• [Short descriptive text snippets]:

▬▬▬▬▬▬▬▬▬▬

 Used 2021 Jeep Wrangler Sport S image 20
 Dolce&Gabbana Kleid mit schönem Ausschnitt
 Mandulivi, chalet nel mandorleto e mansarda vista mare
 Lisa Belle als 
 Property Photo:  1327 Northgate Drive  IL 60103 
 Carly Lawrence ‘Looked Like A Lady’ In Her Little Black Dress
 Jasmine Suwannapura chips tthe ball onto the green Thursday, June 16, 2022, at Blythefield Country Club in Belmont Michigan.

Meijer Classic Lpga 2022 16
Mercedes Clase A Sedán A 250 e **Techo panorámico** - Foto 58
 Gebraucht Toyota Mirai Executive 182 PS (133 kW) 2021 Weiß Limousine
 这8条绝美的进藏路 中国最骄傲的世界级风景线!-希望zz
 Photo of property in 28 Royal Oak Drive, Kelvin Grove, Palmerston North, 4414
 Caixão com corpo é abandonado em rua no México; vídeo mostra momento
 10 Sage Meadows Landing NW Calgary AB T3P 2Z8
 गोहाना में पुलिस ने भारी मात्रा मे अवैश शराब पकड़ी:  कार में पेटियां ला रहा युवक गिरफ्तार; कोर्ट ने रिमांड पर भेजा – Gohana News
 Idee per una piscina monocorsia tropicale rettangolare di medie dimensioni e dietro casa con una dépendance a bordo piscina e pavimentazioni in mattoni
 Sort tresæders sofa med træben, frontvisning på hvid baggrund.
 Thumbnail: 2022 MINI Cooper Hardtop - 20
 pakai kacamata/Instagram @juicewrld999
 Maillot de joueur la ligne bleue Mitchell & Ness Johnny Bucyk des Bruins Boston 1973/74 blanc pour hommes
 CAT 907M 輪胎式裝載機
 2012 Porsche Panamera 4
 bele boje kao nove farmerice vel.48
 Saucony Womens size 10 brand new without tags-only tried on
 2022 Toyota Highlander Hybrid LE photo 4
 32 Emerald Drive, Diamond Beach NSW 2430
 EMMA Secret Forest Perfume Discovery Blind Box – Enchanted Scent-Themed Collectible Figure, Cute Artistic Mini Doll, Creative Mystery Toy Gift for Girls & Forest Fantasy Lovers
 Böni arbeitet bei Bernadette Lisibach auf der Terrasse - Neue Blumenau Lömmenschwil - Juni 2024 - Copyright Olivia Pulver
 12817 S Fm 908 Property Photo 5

▬▬▬▬▬▬▬▬▬▬

• [WHAT NEEDS TO BE DONE]: Once the line with "pakai kacamata/Instagram @juicewrld999" is found in the records above, print exactly that line and every line after it through the line with "bele boje kao nove farmerice vel.48".

• [THE ANSWER]:
 pakai kacamata/Instagram @juicewrld999
 Maillot de joueur la ligne bleue Mitchell & Ness Johnny Bucyk des Bruins Boston 1973/74 blanc pour hommes
 CAT 907M 輪胎式裝載機
 2012 Porsche Panamera 4
 bele boje kao nove farmerice vel.48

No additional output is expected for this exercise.